Will devient donc l’indispensable assistante de la détective ; c’est d’ailleurs la jeune femme qui raconte l’histoire, ce qui n’est pas sans rappeler un certain Sherlock Holmes et son fidèle Watson ! Mrs P et Will se voient confier une enquête sur le meurtre d’Abigail Collins, veuve du riche Alistair Collins, propriétaire d’entreprise qui s’est lui-même enlevé la vie un an plus tôt. Abigail, elle, est assassinée lors d’une fête d’Halloween. On la retrouve dans une pièce fermée, verrouillée de l’intérieur et qui n’offre aucune possibilité de fuite. Un mystère de chambre close, donc. L’arme du crime ? Une boule de cristal.

La Fortune sourit aux disparus propose un mélange de différents univers, largement inspiré de Sherlock Holmes, mais passant également par Agatha Christie, Raymond Chandler, évoquant même les jeux de Clue ou de Meurtre et mystère ! Tout le monde semble avoir un motif pour tuer Abigail, mais qui l’a réellement fait, et de quelle manière ? L’auteur ne rechigne pas à puiser dans les clichés du genre, tout en y ajoutant une touche personnelle beaucoup plus moderne. D’abord, le choix de mettre en scène deux femmes détectives dans les années quarante est pour le moins audacieux. Le fait que l’une d’elle soit homosexuelle et qu’elle l’assume tout à fait apparaît aussi peu conventionnel pour l’époque. Sans oublier qu’il est question de violence faite aux femmes et de réflexions sur les moyens d’outiller ces dernières pour qu’elles puissent au moins se protéger ou fuir en cas de danger. Plein de belles idées, donc, livrées par Will Parker sur un ton énergique et humoristique.

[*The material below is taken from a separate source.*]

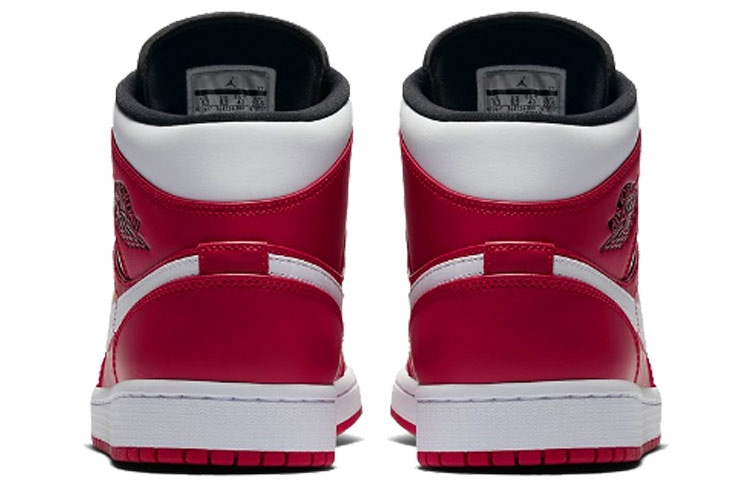 Jordan Air Jordan 1 Mid White Black Red — фото 3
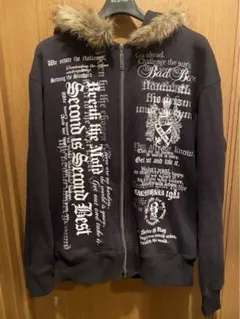 Y2K ファーパーカー グランジ 00s アーカイブ BADBOY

Will et sa patronne sont de beaux personnages, fort intéressants – évidemment, on ne voit Lillian Pentecost que par le regard de Will, on referme le roman en ayant tout de même un peu l’impression qu’on aurait pu, et voulu, mieux la connaître. Il est donc beaucoup plus facile de s’attacher à Will, jeune femme débrouillarde et hardie marquée par une enfance difficile. Honnêtement, l’enquête ne réserve pas de grandes surprises, la fin est un peu décevante et aisément prévisible, mais cela n’empêche pas qu’on passe un très bon moment dans l’univers des deux détectives et que ce roman est un excellent divertissement, sans prétention, tout à fait dans la lignée des cosy mystery.